━━━ LISTED RECORDS ━━━
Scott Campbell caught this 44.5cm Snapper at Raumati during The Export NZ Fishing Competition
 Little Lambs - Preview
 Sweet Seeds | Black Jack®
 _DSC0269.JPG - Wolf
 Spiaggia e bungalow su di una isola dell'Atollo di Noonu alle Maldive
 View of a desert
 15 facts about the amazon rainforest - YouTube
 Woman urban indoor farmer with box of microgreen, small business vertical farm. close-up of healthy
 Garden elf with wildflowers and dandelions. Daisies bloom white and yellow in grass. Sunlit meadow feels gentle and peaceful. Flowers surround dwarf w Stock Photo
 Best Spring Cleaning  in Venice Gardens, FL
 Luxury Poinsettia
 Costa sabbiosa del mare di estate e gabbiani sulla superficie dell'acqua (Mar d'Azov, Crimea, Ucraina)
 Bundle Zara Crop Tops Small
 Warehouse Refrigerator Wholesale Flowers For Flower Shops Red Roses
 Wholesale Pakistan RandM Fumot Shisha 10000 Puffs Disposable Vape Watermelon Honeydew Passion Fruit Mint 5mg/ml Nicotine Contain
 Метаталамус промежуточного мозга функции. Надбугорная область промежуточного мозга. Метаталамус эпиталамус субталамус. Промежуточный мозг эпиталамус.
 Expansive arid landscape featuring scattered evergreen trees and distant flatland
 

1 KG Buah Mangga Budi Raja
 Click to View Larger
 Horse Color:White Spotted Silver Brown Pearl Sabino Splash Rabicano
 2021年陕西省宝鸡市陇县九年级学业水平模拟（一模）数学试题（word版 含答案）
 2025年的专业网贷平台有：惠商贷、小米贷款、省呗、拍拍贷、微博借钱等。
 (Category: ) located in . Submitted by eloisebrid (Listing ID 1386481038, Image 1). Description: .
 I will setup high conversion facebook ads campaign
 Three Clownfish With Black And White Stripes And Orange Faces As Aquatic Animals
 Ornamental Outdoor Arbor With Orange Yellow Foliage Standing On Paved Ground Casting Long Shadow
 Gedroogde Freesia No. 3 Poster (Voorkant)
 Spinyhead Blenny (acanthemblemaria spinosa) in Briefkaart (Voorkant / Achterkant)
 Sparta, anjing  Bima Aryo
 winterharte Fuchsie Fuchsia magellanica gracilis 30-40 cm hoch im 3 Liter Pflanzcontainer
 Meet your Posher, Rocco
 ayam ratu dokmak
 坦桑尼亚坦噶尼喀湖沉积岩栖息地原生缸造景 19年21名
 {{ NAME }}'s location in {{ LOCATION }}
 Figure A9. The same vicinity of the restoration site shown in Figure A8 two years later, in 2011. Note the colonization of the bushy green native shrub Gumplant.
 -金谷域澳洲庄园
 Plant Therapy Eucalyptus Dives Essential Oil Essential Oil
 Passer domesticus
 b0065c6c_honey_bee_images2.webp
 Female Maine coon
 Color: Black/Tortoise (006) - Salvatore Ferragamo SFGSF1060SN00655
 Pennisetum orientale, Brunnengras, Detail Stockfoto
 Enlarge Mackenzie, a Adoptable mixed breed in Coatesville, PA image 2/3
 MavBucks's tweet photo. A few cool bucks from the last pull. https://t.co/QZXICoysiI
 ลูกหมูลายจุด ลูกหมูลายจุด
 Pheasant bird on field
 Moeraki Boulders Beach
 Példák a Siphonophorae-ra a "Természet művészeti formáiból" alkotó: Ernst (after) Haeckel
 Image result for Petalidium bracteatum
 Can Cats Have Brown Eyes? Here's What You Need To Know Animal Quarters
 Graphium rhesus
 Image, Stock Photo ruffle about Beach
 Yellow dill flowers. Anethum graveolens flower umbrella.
━━━
TASK ->
Of all the lines in the data above, show only those that hold the word "Color".

YOUR SOLUTION ->
 Horse Color:White Spotted Silver Brown Pearl Sabino Splash Rabicano
 Color: Black/Tortoise (006) - Salvatore Ferragamo SFGSF1060SN00655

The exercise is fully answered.